▶ [What is required] From the data below, set down exactly the lines between the one holding "kotomatritsa_J (700x501, 350Kb)" and the one holding "63 Ardis Ln", inclusive, and no others.

▶ [Information shown]
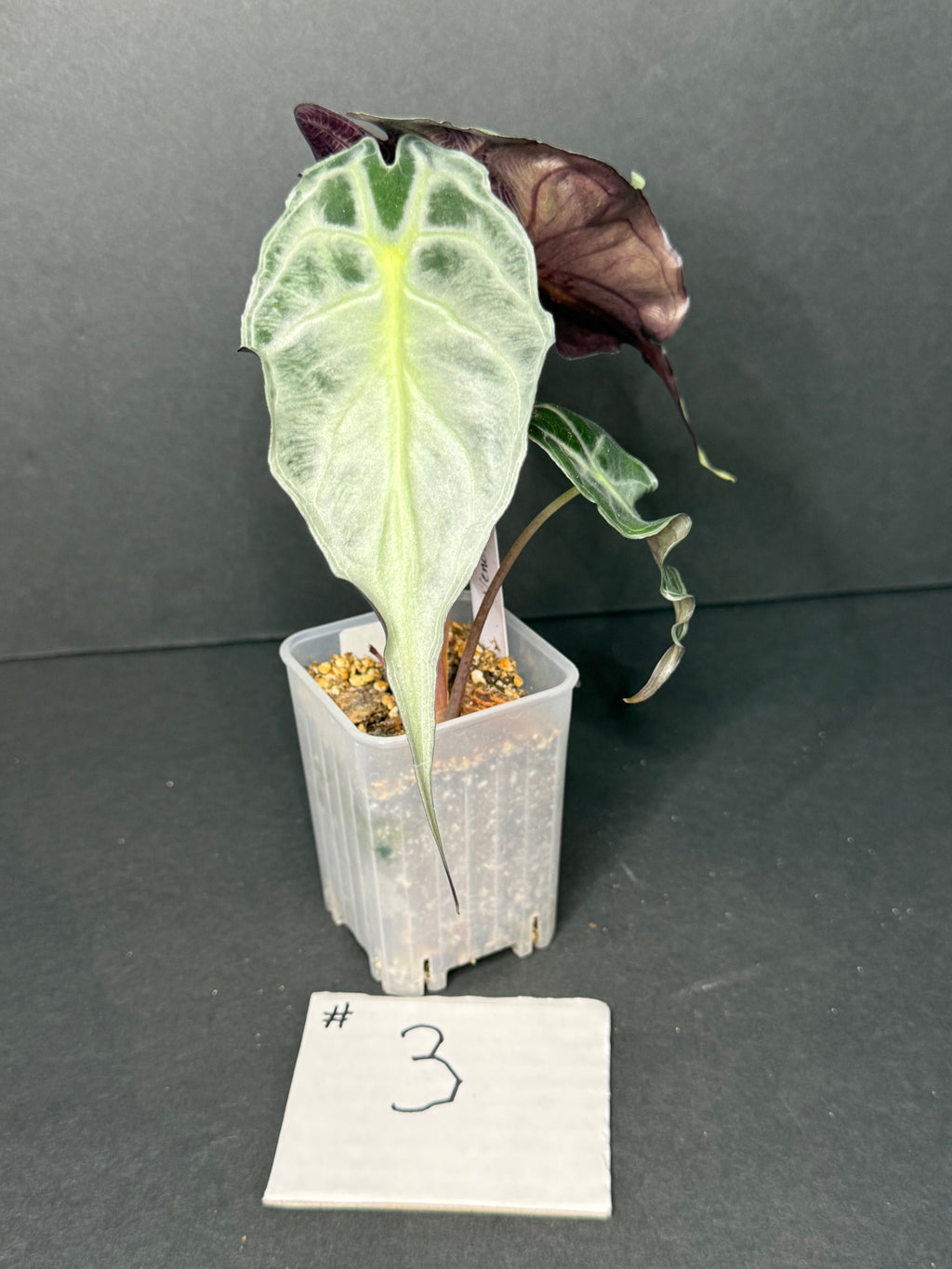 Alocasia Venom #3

--

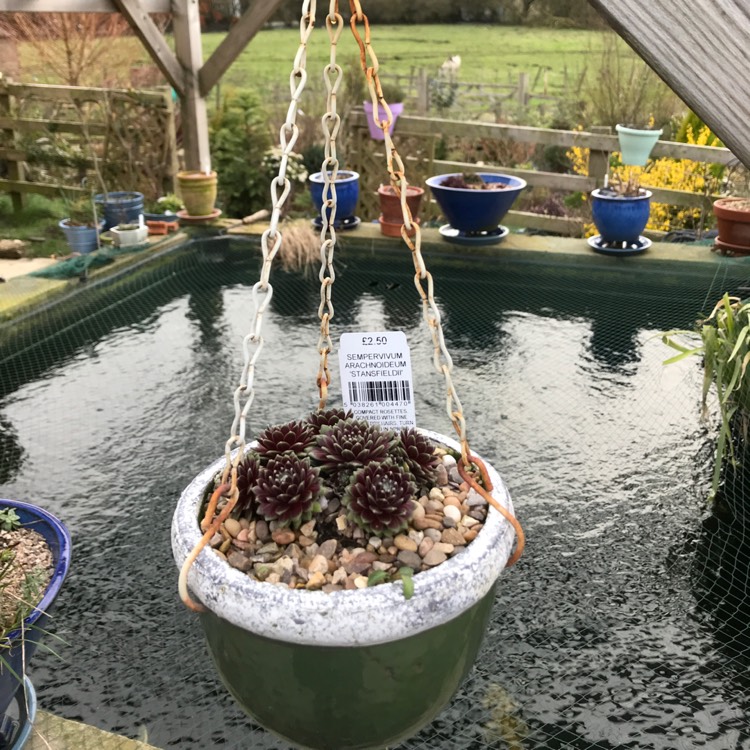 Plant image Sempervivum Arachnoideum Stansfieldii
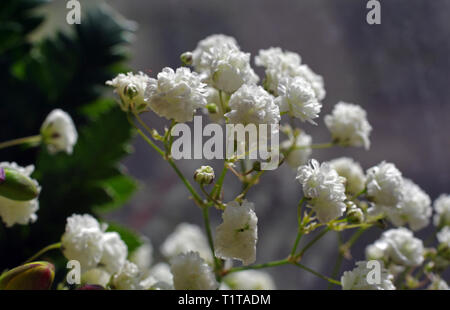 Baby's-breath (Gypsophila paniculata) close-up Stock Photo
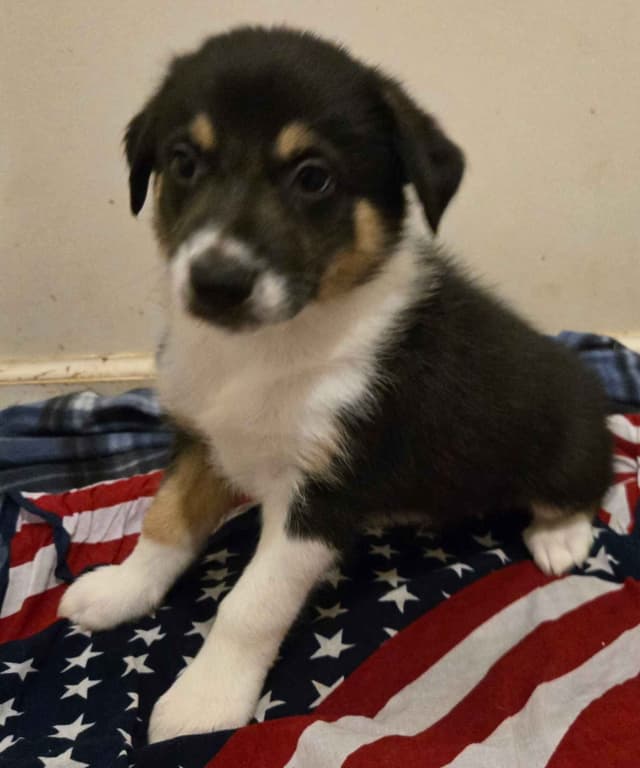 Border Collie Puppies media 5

--

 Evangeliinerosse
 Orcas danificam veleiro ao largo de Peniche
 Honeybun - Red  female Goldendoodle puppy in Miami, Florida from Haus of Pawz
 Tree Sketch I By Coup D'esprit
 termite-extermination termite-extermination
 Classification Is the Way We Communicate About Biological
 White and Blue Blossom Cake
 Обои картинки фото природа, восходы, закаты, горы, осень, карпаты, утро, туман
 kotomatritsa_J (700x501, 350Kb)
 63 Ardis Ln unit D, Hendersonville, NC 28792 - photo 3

▶ [Solution for this exercise]
 kotomatritsa_J (700x501, 350Kb)
 63 Ardis Ln unit D, Hendersonville, NC 28792 - photo 3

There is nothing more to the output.